President of Harvard, Harvard University President, Harvard College President

Harvard’s president recently announced that she intends to resign at the end of next year.

As we wrote yesterday about the presidents of the eight Ivy League universities — and how four of these presidents happen to be female — we figured we’d report on the announced resignation of Harvard’s first female president, Drew Gilpin Faust. Faust recently announced that she intends to step down from the top spot at Harvard at the end of next year, at the culmination of her eleventh year leading the elite institution. For those who may have forgotten, Faust succeeded Larry Summers as Harvard’s president, a man who despicably — and erroneously — suggested that women may lack an intrinsic aptitude for math and science. And while Summers would issue an apology to the Harvard community in the wake of his incendiary comments, it was only fitting that a woman would succeed him. The first in Harvard’s storied history.
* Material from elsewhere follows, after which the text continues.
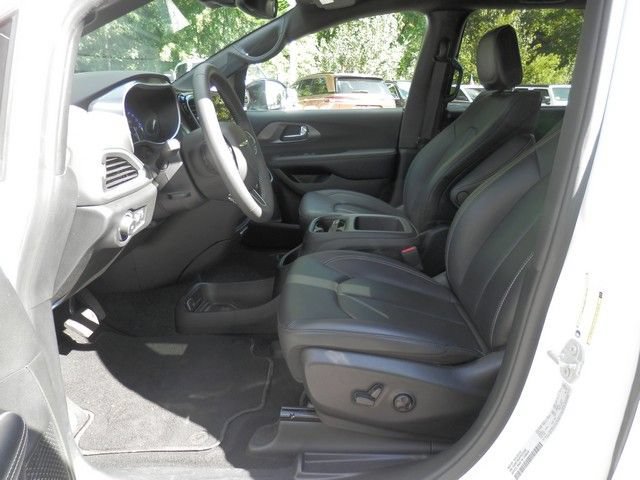 Used 2026 Chrysler Pacifica Select FWD image 17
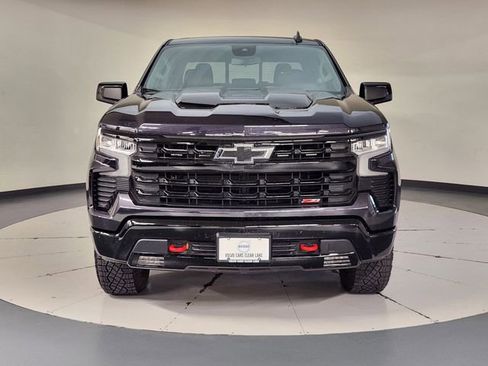 Used 2024 Chevrolet Silverado 1500 LT Trail Boss w/ Convenience Package II AWD/4WD image 9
As reports Stephanie Saul for “The New York Times” in a piece about the Harvard president’s intended resignation, “Dr. Faust, a well-liked historian known for her scholarship on the American South, was appointed in 2007 after a turbulent period in which her predecessor, Lawrence H. Summers, an economist and former Treasury secretary, alienated significant portions of the faculty. The gracious Dr. Faust, in some ways an unlikely choice to lead the university because she did not attend Harvard, was viewed as the antidote to Dr. Summers’s pugnacious style. Moreover, the selection of a woman — after Dr. Summers’s controversial suggestion that women might lack an aptitude for science and math — appeared to usher in a new era.

The piece goes on, “Indeed, Dr. Faust is credited with increasing the university’s ethnic and economic diversity, partly by expanding its financial aid program. Harvard, founded in 1636 and once considered an institution only for the elite, remains tilted toward the wealthy, including many children of alumni. But one in five undergraduates today comes from a family with income below $65,000 a year, and those students attend free, according to the university. The percentage of students who identify as African-American grew modestly during Dr. Faust’s tenure, to 10 percent from 8 percent, according to Harvard data. The percentage of Latino students also increased.”

It will be interesting to see who Harvard selects as its next leader. Here’s hoping this leader continues in shaping the grand vision of Dr. Faust — a Harvard University that is more open and more inclusive to people of all backgrounds no matter their ability to pay.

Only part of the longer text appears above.